A red-black tree is a binary search tree that has an extra bit of information for each node: its color, which can be red or black. Each node of the tree contains the fields color, key, left, right and parent. If the parent or any of the left or right children does not exist, the respective field is set to null.
A binary search tree is red-black tree if it meets the following properties:
- Each node is either red or black.
- The root is always black.
- If a node is red then both is children must be black.
- Every path from a node to a leaf contains the same number of black nodes.
We will refer to the number of these properties later in our examples, so it is good to know them.
Here is an example of a red-black tree:
The number of black nodes on any path from a node down to a leaf node will be called the black height of the node. The notion of black height is well defined on the basis of property 4, according to which all paths from a node to a leaf have the same number of black nodes. We define the black height of a red-black tree as the black height of its root.
This means that whenever a new node is inserted into the tree it will not become significantly unbalanced, because the properties need to be maintained, which is the major advantage of using this type of data structure. Let’s now look at some operations that can be performed on red-black trees:
- When we execute insertions and deletions on a red-black tree with n nodes, it could happen that some of the properties of this data structure are not respected. In order to restore these properties, the colors of some of the nodes in the tree and the pointer structure need to be changed.
The structure of the pointers is changed by rotation. There are two types of rotation: left and right rotation. In order to be able to perform a right rotation on a node x, the left child of the node must not be null. The tree is then rotated to the right, so in our example 8 becomes the right child of 4. If the left child of the initial root already had a right child (in our case it did – 5), we make its right child the left child of the initial root (the left child of 8 in our example). Finally, all the nodes that are located on a different level in the rotated tree change their color (in our example, all of them, except 5). The process of left rotation is symmetrical to the left rotation. The following image describes these two techniques:
- Inserting a node in a red-black tree with n nodes can be done in timeO (log n). We will firstly used the procedure of inserting into a binary search tree to insert a node x in the tree. Next, we will color x with red. To guarantee the preservation of the red-black properties, we recover the resulting tree by node re-coloring and by performing rotations. After insertion only the third property can be broken, which states that a red colored node cannot have a child colored in red. Specifically,property 3 is violated if the parent of x is red. There are a couple of cases to consider:
a). If the parent of the newly inserted node is red, then this must mean that its parent is black, because the tree was a red-black tree before. In this case we color both the inserted node and its parent with black, then color the grandparent of the newly inserted node with red, in order to preserve the fourth property. For example, if we were to insert ‘1’ in the tree shown in the picture above in the right, we would firstly insert it to the left of ‘2’. We would then color both 1 and 1 in black and 4 in red.

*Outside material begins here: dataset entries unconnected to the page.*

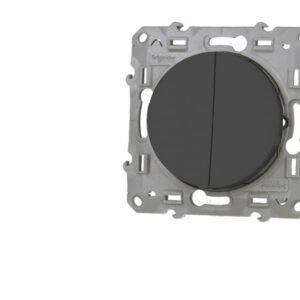 Interrupteur va-et-vient double anthracite Schneider Odace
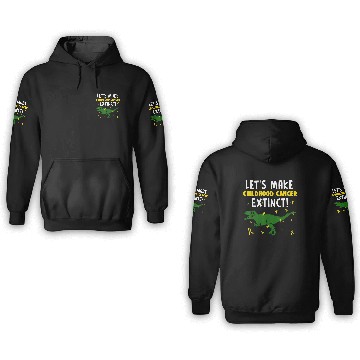 Discover Childhood Cancer Awareness Dinosaur Apparel 3D Hoodies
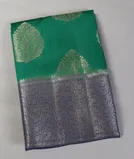 Green Chaniya Silk Saree T4506261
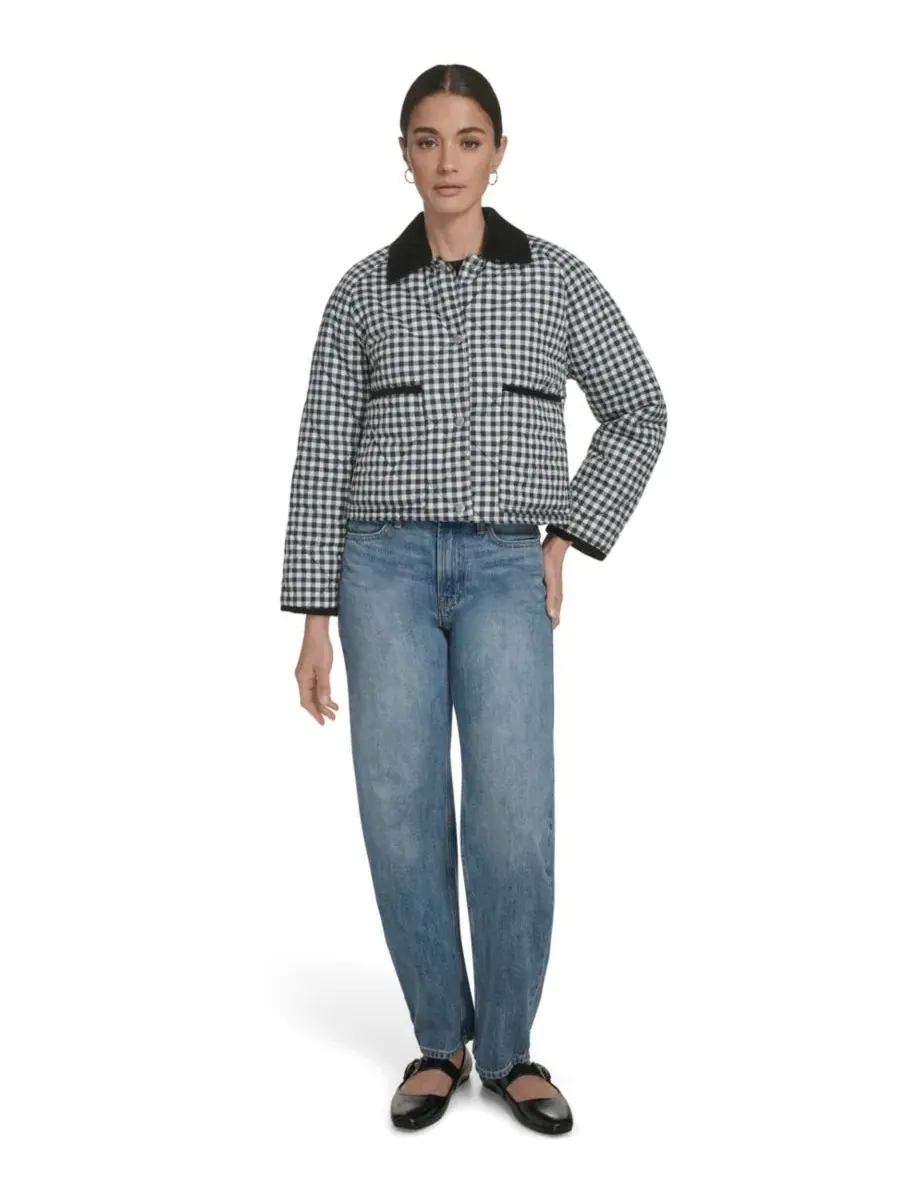 Женская куртка Diamond Quilted из легкого нейлона Levi's — изображение 3 из 7, черный/белый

b). If the parent of the newly inserted node is black, then we can keep the red color of the node, because it does not break the fourth property.

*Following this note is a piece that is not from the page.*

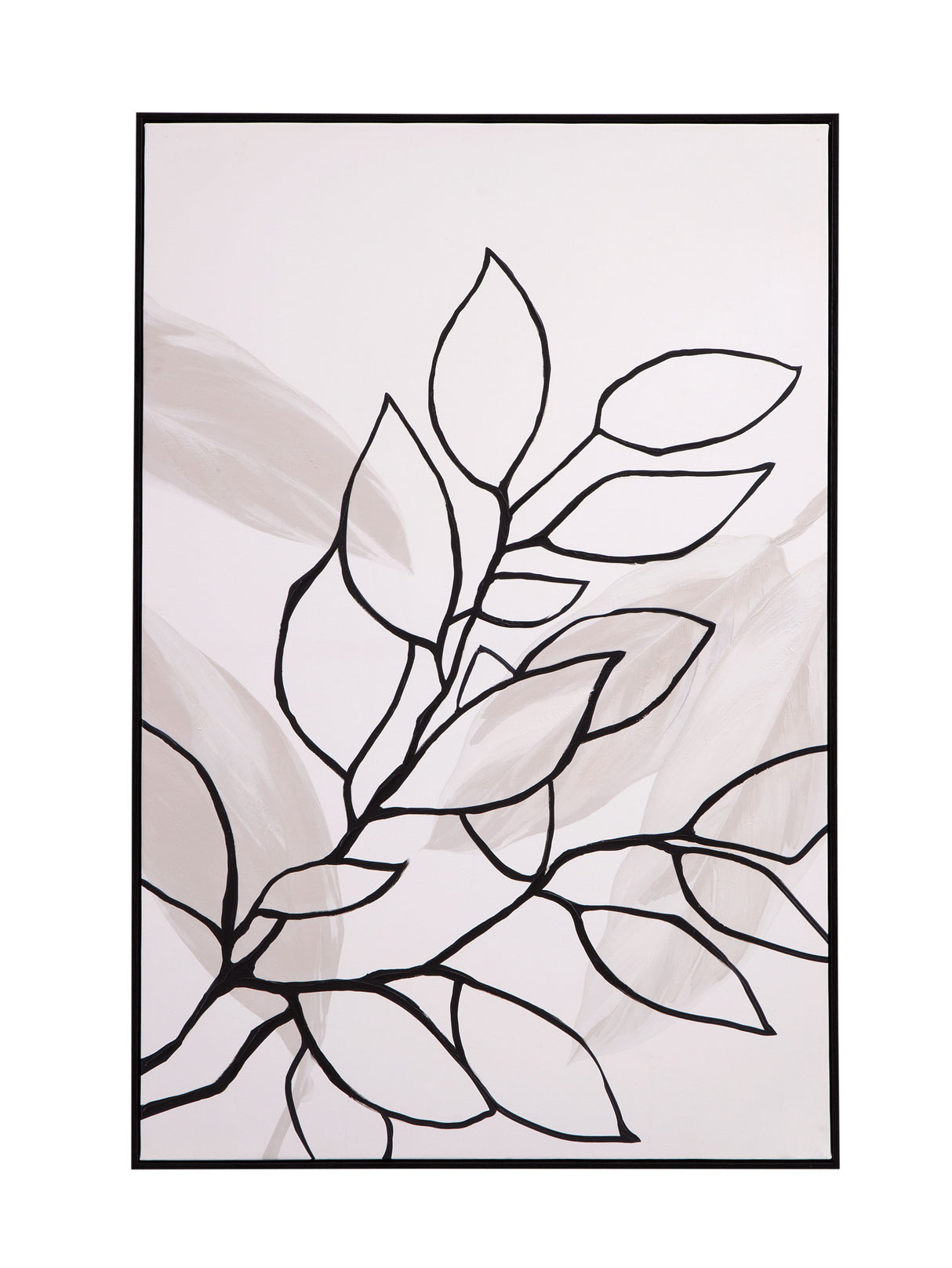 Harmony II Canvas Art - White / Black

For example, if we were to insert 9 in the red-black tree above, we would firstly follow the insertion procedure that applies to regular binary search trees and obtain the following tree, which violates properties 3 and 4:
All we need to do now is change the color of 9, which will restore all the properties of a red-black tree:
- Deletion in red-black trees is not much more complicated than insertion.

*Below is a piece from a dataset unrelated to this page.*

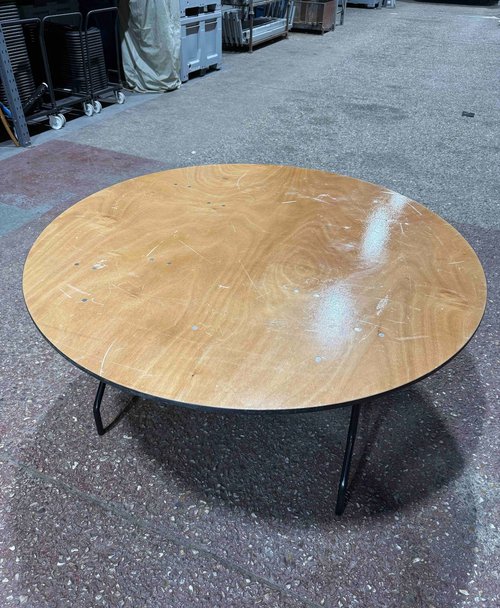 8x 5ft Round Tables For Sale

- If the node we want to remove is red then we would still end up with a red-black tree after its deletion. This means we can use exactly the same algorithm as with regular binary search trees.
- If the node we want to remove is black its descendants must be given another black ancestor in order not to break the fourth property. If both descendants are red then we can color the one that will replace the black node removed in black. If not, we will need to restructure the tree.
For example, suppose we want to delete the root of our red-black tree above. Following the steps described in the section corresponding to regular binary search trees, we delete the root’s key and replace it with the largest value in the left sub-tree (in this case 5), as follows:
This tree does not violate any of the four properties, so this time we do not need to change colors.
The key thing to remember about red-black trees is that they enable the implementation of all dictionary operations in O(log n). The four properties discussed make this data structure more balanced than regular binary search trees.